Eidolon
Sandeep Parmar is one of the most exciting emerging voices in British poetry. As a scholar, she is known primarily for her work on the modernist poet Hope Mirrlees; as a poet forging her own voice, she is known for the 2012 collection The Stone Orchard, and now (and, one hopes, pre-eminently) she is to be known for Eidolon, an incisive collection of poems that is as well-executed poetically as it is well-conceived philosophically.
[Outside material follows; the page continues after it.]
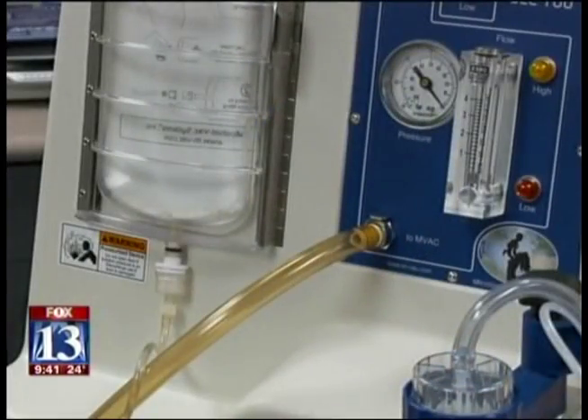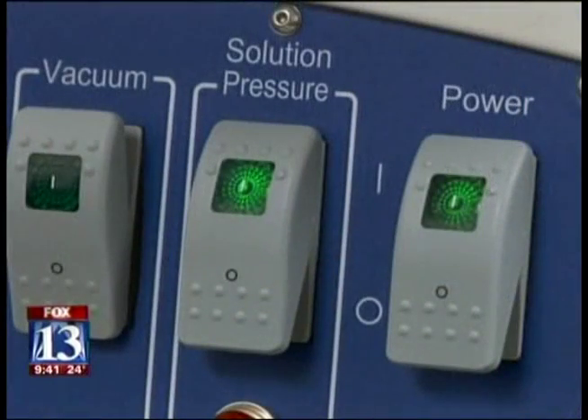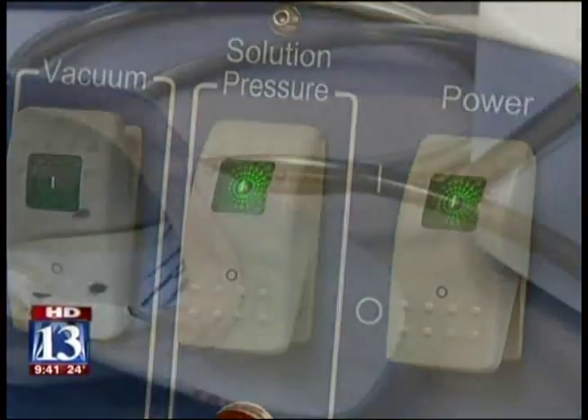The key, especially for the MVAC, is if those cells are spread over a larger surface area, or they're in a fabric or a porous material that makes it more difficult to extract or collect — that's when the MVAC is really going to excel.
‘Well-conceived philosophically.’ Why? Well, without wishing to assess a work of poetry in terms more suited for conceptual art, it comes down to Parmar’s appropriation and development of the concept of the “Eidolon” from ancient Greek. As she writes in the collection’s afterword:
“An Eidolon is an image, a ghost, a spectre, a scapegoat. It is a device, like a deus ex machina, to deal with the problem of narrative” (p 65).
What initially attracted Parmar to this concept, she elaborates, was its very “otherness” to her, a British Sikh woman, raised with only a very limited knowledge of ancient Greek. Rather than taking up the “Eidolon” as a blasé token of highborn and anachronistic Western learning (being au fait with ancient Greek), this collection takes it up in a way that is, paradoxically, perhaps more in tune with the concept’s connotations – as a spectral term that is constantly eluding Parmar’s grasp as a self-conscious “outsider” to the linguistic contexts that birthed and transmitted it.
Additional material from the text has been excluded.